B. As a result of the Merger, Union will issue to Stockholder
approximately 118,430 shares of Union's common stock, $1.00 par value ("Union
Common Stock").
C. Union is unwilling to expend the substantial time, effort and expense
necessary to implement the proposed acquisition of Prairie, including applying
for and obtaining necessary approvals of federal and state banking authorities,
unless Stockholder enters into this Agreement with Union.
D. The obligation of Union under the Merger Agreement to consummate the
transactions contemplated therein is subject to the receipt by Union of a
standstill agreement in the form of this Agreement from Stockholder, Stockholder
is executing this Agreement for the purpose of inducing Union to consummate the
transactions contemplated by the Merger Agreement and Stockholder believes it is
in his best interest as well as the best interest of Prairie for Union to
consummate the Merger.
NOW, THEREFORE, in consideration of the covenants and agreements of the
parties herein contained, the sufficiency of which is hereby acknowledged, and
as an inducement to Union to incur the expenses associated with the Merger, the
parties hereto, intending to be legally bound, hereby agree as follows:
AGREEMENTS
1. TERM. Except as otherwise expressly provided herein, the respective
----
covenants and agreements of Stockholder and Union contained in this Agreement
will continue in full force and effect until the fourth anniversary of the
consummation of the Merger (the "Termination Date").

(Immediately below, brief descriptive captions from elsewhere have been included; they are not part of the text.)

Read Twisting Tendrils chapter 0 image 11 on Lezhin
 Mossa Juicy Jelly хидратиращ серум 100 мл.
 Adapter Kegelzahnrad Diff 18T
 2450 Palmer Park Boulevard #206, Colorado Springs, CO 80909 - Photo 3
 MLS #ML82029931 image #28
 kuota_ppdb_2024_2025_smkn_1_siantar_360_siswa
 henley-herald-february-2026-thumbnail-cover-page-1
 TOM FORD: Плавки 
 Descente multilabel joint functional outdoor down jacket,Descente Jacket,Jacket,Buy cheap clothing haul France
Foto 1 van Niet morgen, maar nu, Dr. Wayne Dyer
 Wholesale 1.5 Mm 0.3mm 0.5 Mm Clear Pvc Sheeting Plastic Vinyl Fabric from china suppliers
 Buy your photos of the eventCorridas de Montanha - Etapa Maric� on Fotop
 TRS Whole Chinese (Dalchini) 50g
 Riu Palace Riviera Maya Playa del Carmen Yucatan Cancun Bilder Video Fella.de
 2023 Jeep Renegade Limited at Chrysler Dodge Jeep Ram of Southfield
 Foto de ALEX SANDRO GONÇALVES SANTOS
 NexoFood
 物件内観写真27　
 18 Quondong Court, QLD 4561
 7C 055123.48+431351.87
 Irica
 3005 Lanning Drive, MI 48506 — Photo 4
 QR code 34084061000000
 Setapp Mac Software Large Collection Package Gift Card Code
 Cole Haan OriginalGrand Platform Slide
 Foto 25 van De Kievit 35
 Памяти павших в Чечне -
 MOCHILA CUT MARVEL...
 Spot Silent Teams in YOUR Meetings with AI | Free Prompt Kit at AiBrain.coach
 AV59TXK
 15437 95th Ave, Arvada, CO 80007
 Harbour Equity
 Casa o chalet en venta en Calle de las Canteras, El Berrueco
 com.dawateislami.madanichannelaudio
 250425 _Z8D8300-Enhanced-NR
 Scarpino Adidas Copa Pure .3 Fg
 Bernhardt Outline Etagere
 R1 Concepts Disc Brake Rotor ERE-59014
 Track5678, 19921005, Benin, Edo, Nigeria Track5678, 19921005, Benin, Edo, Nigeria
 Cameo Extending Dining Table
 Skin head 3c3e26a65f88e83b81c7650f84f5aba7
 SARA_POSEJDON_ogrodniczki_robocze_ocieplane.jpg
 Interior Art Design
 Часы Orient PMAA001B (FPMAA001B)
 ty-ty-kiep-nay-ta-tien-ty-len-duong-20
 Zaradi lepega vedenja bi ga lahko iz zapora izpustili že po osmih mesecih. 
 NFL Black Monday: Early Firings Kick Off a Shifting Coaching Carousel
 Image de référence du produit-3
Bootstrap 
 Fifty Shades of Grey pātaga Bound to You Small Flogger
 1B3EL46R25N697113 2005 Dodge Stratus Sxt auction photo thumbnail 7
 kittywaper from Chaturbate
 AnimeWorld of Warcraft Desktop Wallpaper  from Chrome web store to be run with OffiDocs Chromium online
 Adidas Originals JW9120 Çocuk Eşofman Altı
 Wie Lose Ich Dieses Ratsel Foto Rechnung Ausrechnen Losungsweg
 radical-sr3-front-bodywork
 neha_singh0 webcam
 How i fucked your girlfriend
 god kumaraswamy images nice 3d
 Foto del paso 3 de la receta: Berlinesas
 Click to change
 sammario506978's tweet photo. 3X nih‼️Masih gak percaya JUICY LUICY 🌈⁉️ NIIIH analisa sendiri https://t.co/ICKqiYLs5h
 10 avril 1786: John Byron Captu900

2. COVENANTS OF STOCKHOLDER. Stockholder agrees that prior to the
--------------------------
Termination Date and subject to the further provisions hereof:
(a) Except as otherwise expressly provided in this Section 2(a) and
Section 7, neither Stockholder nor any "person" (within the meaning of Section
13(d)(3) of the Securities Exchange Act of 1934, as amended (the "Exchange
Act")), who is an affiliate (as defined below) of Stockholder (collectively, the
"Stockholder Group"), will, directly or indirectly, acquire any shares of Union
Common Stock in addition to those shares of Union Common Stock issued to
Stockholder in connection with the Merger if at the time of such proposed
acquisition the shares of Union Common Stock then owned by Stockholder represent
12.5% or more of the then issued and outstanding shares of Union Common Stock,
or to the extent such proposed acquisition would increase the percentage
ownership of the Stockholder Group of the then issued and outstanding shares of
Union Common Stock to 12.5% or more. Notwithstanding anything to the contrary in
the preceding sentence, Stockholder shall not be prohibited from: (i) acquiring
any shares of Union Common Stock issuable to Stockholder in connection with the
conversion of the shares of Union's Series A Preferred Stock issued to
Stockholder in connection with the Merger; (ii) receiving additional shares of
Union Common Stock through stock dividends declared by Union or through any
other distributions or offerings made by Union generally to all holders of Union
Common Stock; or (iii) increasing his percentage ownership of Union Common Stock
solely as a result of actions approved by Union's board of directors and
affecting all holders of Union Common Stock generally.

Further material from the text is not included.